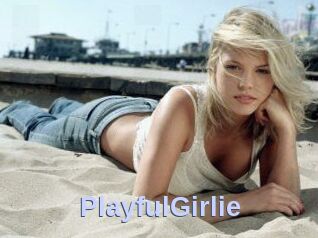 PlayfulGirlie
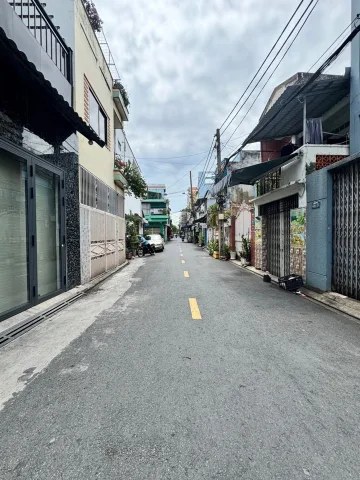 Bất động sản tại Tp Hồ Chí Minh - ảnh 1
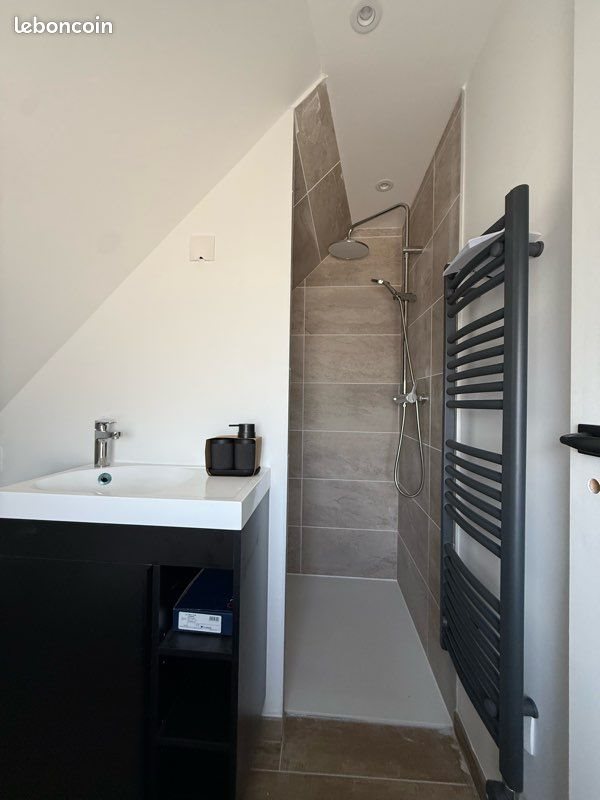 Appartement à louer, 30m², Darnétal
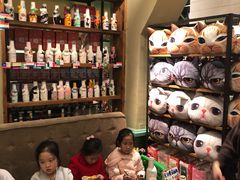 -猫咪博物馆(顶澳仔猫街店)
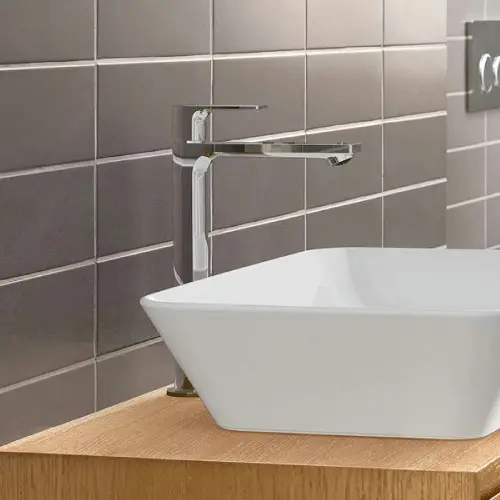 Hansgrohe Rebris E 240 za lavabo COOLSTART 72583000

▸ **WHAT YOU ARE ASKED TO DO**
Omit the pictures and restate the rest of the records verbatim.

▸ **RESPONSE FOR THIS EXERCISE**
 PlayfulGirlie
 Bất động sản tại Tp Hồ Chí Minh - ảnh 1
 Appartement à louer, 30m², Darnétal
 -猫咪博物馆(顶澳仔猫街店)
 Hansgrohe Rebris E 240 za lavabo COOLSTART 72583000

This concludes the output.